Genre: Short Story Collection
“Sadie says we have to leave …
With those few urgent words, the journey begins for this couple—from their chance encounter freshman year awaiting their college dorm assignments, through all of the roadblocks and detours and dead ends, until some thirty years later when they finally understand where they are meant to be. All The Things She Says is a chronicle, recounted in vignettes and episodes, of the course these two take in their relationship, told from the point of view of Sadie’s spouse, who witnesses firsthand, and often helplessly, the struggles and travails Sadie endures in trying to find herself with the constant fear that time is slipping away. Yet in the end, they arrive at a plan—the plan Sadie first had in that freshman dorm room.
Initially published nonsequentially in literary journals and magazines over a span of more than seven years, these sixteen short stories are now assembled into one complete collection. All The Things She Says is a discourse on life and love and commitment, and shows that while the path may be difficult to follow, the destination is nonetheless worthwhile.”

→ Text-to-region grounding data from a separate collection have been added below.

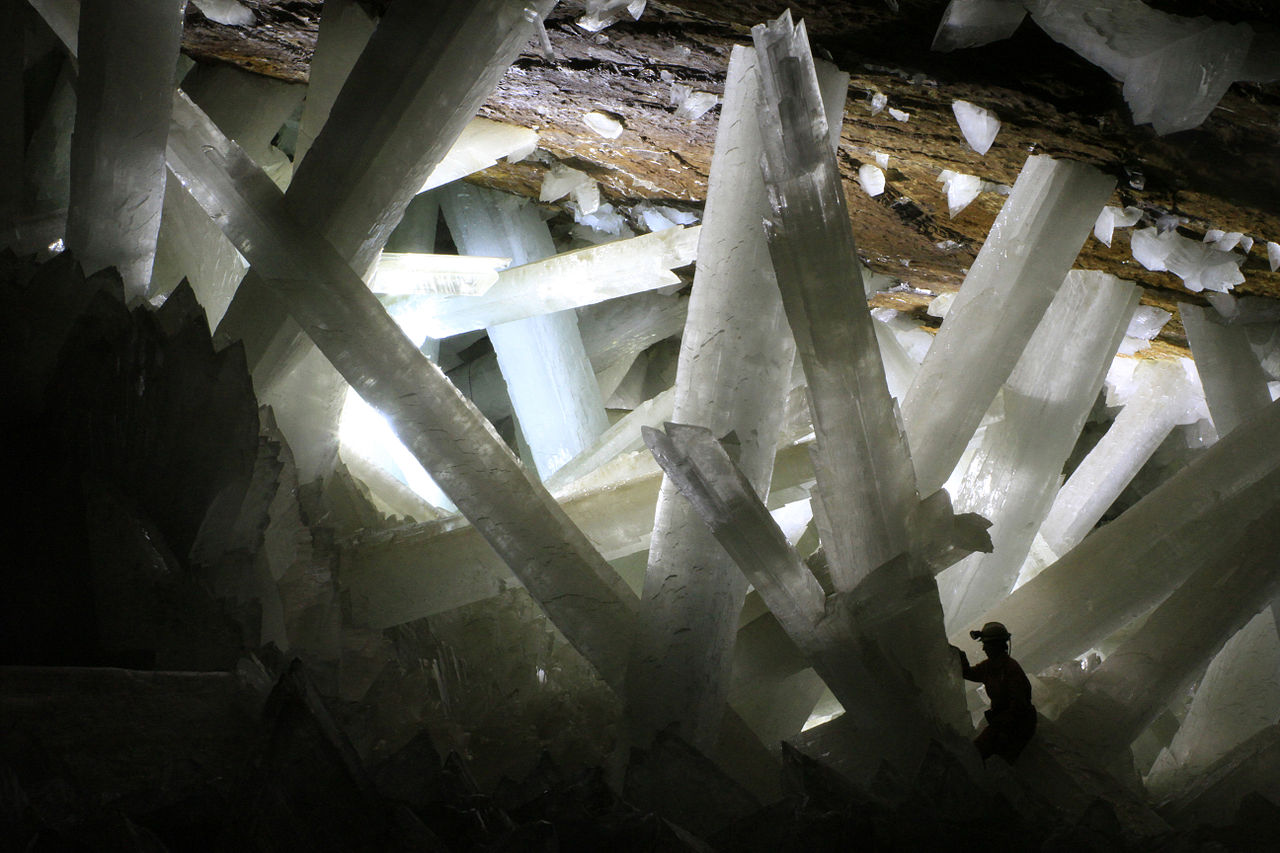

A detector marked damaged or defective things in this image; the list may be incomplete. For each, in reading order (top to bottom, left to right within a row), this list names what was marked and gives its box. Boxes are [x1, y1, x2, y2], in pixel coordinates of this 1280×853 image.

broken crystal fragment [931, 0, 1018, 52]
broken crystal fragment [419, 117, 540, 190]
broken crystal fragment [583, 109, 622, 137]
broken crystal fragment [855, 162, 885, 195]
broken crystal fragment [952, 99, 998, 154]
broken crystal fragment [1131, 225, 1239, 292]
broken crystal fragment [901, 153, 1121, 491]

“Peter J. Stavros is a writer and playwright in Louisville, Kentucky, and the author of Three in the Morning and You Don’t Smoke Anymore, winner of the Etchings Press 2020 Book Prize for a Chapbook of Prose. Other works by him include the short story collection, (Mostly) True Tales From Birchmont Village.

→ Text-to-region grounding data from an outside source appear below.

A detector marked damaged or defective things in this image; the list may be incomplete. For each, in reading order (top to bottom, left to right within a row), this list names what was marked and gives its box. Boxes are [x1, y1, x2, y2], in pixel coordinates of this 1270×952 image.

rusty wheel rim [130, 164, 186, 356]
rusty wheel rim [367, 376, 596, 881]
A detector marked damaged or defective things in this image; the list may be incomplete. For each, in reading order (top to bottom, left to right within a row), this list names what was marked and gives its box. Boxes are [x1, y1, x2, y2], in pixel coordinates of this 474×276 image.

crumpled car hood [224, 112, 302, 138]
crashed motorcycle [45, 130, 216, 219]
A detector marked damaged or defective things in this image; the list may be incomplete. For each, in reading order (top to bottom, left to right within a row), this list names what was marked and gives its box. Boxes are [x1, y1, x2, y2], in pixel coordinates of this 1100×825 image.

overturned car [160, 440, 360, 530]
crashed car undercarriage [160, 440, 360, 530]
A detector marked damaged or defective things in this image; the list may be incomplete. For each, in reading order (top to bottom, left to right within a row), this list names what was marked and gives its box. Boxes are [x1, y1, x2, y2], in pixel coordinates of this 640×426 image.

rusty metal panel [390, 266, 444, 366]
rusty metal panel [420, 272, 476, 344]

A former reporter for the Associated Press, Peter has published his writing in literary journals, magazines, newspapers and anthologies …”
As the description explains, this short story collection tells the story of a narrator’s relationship with Sadie, his friend when they first meet, later becoming a girlfriend and eventually his spouse. While each story stands on its own, since all sixteen stories in the collection were published elsewhere over several years before being gathered together in the collection, the progression of the stories also tells the realistic tale of a relationship and how it can evolve through the years, changing and hopefully getting stronger over time.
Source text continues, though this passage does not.